Mais ces bons points ne suffisent pas et Les jardins du roi enchaîne les échecs. Cherchant à se rapprocher d’un univers nuancé entre Shakespeare et le conte intemporel, il n’en ressort qu’une histoire lisse et sans éclat. Le scénario est commun, prévisible, juste trop léger dans son ensemble pour faire vibrer quiconque. Les quelques scènes dramatiques (l’histoire de Sabine par exemple), sont vite passées aux oubliettes, sûrement pour laisser le temps aux personnages de danser allégrement tous ensemble et dans la joie, la vie étant belle et les oiseaux chantant. Non, le véritable fiasco réside dans cette entreprise d’un film en costumes se détachant des aspects historiques qu’il utilise. Le procédé a déjà été employé : Quentin Tarantino en a sublimé l’utilisation avec Inglourious Basterds où le réalisateur a choisi de revoir cet échec des attentats contre Hitler entre 1939 et 1944, et comme un hommage à ces conspirateurs, a décidé de réécrire l’histoire de la Seconde Guerre mondiale à sa sauce. Là, Alan Rickman est dans l’entre-deux. Sans assumer pleinement le film en costume, il ne se détache pas assez de l’histoire française du XVIIe siècle non plus. Et son indécision dérange. Les costumes sont plus contemporains mais restent des semblants de costumes d’époques, la création complète du rôle de Sabine de Barra se veut plus moderne, tout en la faisant voyager dans des convenances soi-disant typique de ce temps. Et son introduction a plus de valeur romanesque et passionnelle qu’autre chose, ce qui remet en question cette modernité de la place de la femme.
Alors oui, cette femme est censée être ce « little chaos », ce petit chaos aussi bien dans la vie du roi, dans la cour et dans les jardins. Elle se meut dans un univers cadré et structuré et y amène son petit grain de folie. Et pour Alan Rickman, l’ordre et le chaos sont des notions complémentaires.* Rien de plus logique donc, qu’une histoire d’amour entre André le Nôtre, le « jardinier trop coincé » et elle-même « la femme cool et libre ». Elle représente la goutte d’eau qui perturbe un peu et change beaucoup. Et bien, on en sort pas trop remué, tout va bien.

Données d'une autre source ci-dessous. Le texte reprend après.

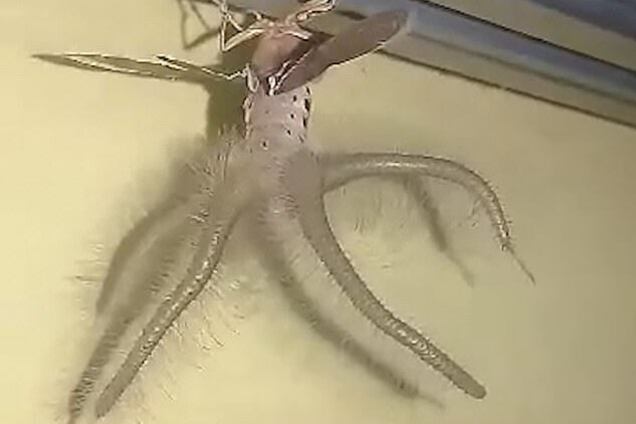 Що це таке?! Чоловік зняв у своєму домі 'прибульця': фото і відео дивної істоти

Changer l’histoire de France, attribuer la bonté et la sagesse comme caractéristique du roi Soleil et introduire un personnage fictif comme héros principal, passent encore. Choisir de tourner l’intégralité du film au Royaume-Uni et utiliser des lieux anglais pour représenter Versailles à cause d’un budget serré, on accepte. Mais entendre pendant deux heures Louis XIV parler anglais, c’est la cerise sur le gâteau. On rajoute à ça la présence de Matthias Schoenaerts (De Rouille et d’os) en jardinier strict et amoureux transit (qui a la même expression qu’un caillou), et on a notre pompon.